Stuart Williams, president of ICE Futures Europe, said regulatory and macro-economic trends are putting some wind behind its interest rate complex, a welcome sign for a market that stagnated during the post-2008 crisis. Speaking with John Lothian News at the FIA IDX conference in London in June, Williams said industry adoption of MIFiD 2 rules beginning in January, rising interest rates and the uncertainty of Brexit should continue to bolster volumes in these markets in the coming months.
“It’s been the combination of political uncertainty in the UK not only driving Sterling, but also Europe, which has been driving our euro denominated products and changes in monetary policy,” Williams said. “The interest rate cycle is now coming out of the doldrums.”

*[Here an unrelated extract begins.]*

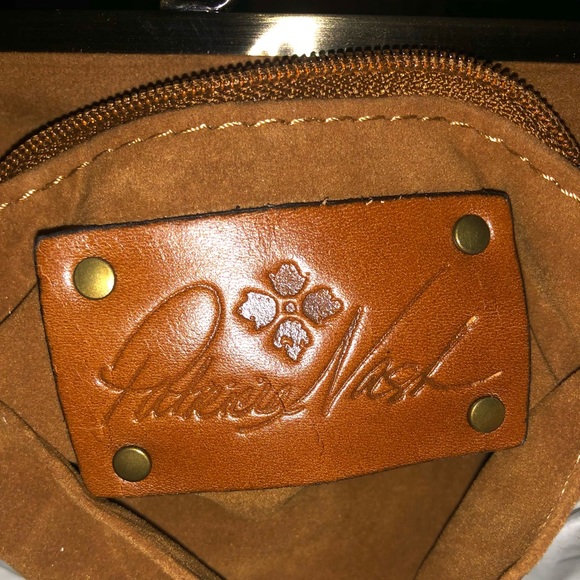 Authentic NWT Gorgeous One Of A Kind Patricia Nash Savena First Bloom Wristlet - Picture 9 of 14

ICE Futures Europe posted a record volume on May 29 in ICE’s Interest Rate complex, with record daily volume of 7.8 million futures and options contracts topping the previous record of 6.2 million contracts set on May 6, 2010. Year-to-date volume in ICE’s interest rate complex is up 13 percent, with open interest up 5 percent over the previous year.
The exchange is also pushing its LIBOR contracts and alternative reference rates such as its 1-month SONIA contract, launched last December, and a 3-month contract listed on June 1.
“Our job is not to pick a winner,” Williams said. “We think there is a future for LIBOR but we also think there is interest in alternative reference rates.”